● Requirement: Pictures appear among the records below and must be omitted. Repeat exactly the lines from the line with "You think, wow, that's" to the line with "For additional information", both included.

● Exercise materials:

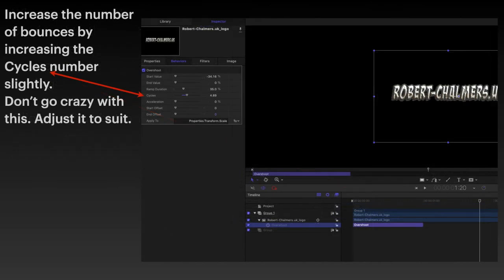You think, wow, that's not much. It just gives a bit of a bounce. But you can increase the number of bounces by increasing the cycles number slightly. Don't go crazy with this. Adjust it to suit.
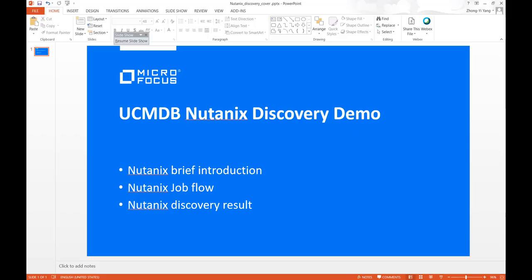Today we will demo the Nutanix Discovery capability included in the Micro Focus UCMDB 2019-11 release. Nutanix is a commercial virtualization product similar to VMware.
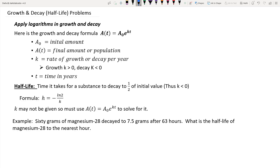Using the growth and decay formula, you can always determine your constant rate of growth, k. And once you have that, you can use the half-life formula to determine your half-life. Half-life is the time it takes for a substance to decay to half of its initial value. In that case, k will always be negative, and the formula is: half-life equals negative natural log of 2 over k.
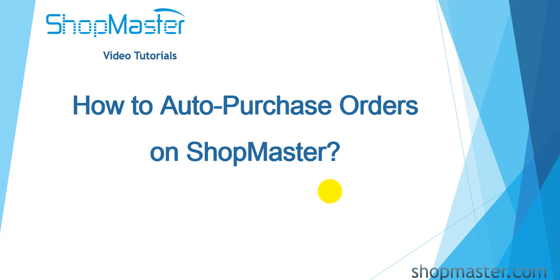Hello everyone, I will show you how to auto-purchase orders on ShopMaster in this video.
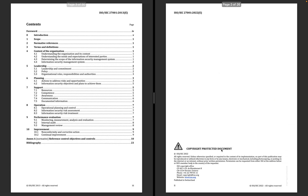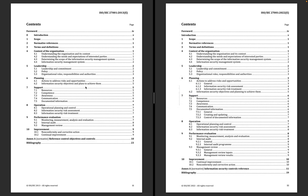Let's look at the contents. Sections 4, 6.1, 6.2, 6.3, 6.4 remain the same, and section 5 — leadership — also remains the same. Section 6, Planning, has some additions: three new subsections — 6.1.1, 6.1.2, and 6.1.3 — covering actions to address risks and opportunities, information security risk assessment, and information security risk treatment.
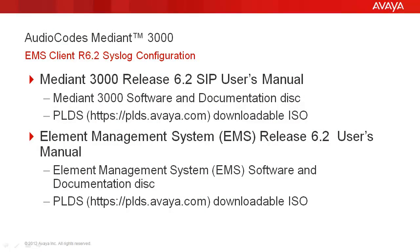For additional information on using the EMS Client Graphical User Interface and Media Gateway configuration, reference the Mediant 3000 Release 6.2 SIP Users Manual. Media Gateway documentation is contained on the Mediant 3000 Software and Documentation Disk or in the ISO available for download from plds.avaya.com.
---
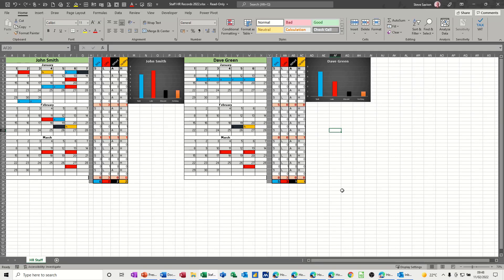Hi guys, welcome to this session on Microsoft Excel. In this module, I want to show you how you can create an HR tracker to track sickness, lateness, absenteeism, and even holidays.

● Expected answer:
You think, wow, that's not much. It just gives a bit of a bounce. But you can increase the number of bounces by increasing the cycles number slightly. Don't go crazy with this. Adjust it to suit.
Today we will demo the Nutanix Discovery capability included in the Micro Focus UCMDB 2019-11 release. Nutanix is a commercial virtualization product similar to VMware.
Using the growth and decay formula, you can always determine your constant rate of growth, k. And once you have that, you can use the half-life formula to determine your half-life. Half-life is the time it takes for a substance to decay to half of its initial value. In that case, k will always be negative, and the formula is: half-life equals negative natural log of 2 over k.
Hello everyone, I will show you how to auto-purchase orders on ShopMaster in this video.
Let's look at the contents. Sections 4, 6.1, 6.2, 6.3, 6.4 remain the same, and section 5 — leadership — also remains the same. Section 6, Planning, has some additions: three new subsections — 6.1.1, 6.1.2, and 6.1.3 — covering actions to address risks and opportunities, information security risk assessment, and information security risk treatment.
For additional information on using the EMS Client Graphical User Interface and Media Gateway configuration, reference the Mediant 3000 Release 6.2 SIP Users Manual. Media Gateway documentation is contained on the Mediant 3000 Software and Documentation Disk or in the ISO available for download from plds.avaya.com.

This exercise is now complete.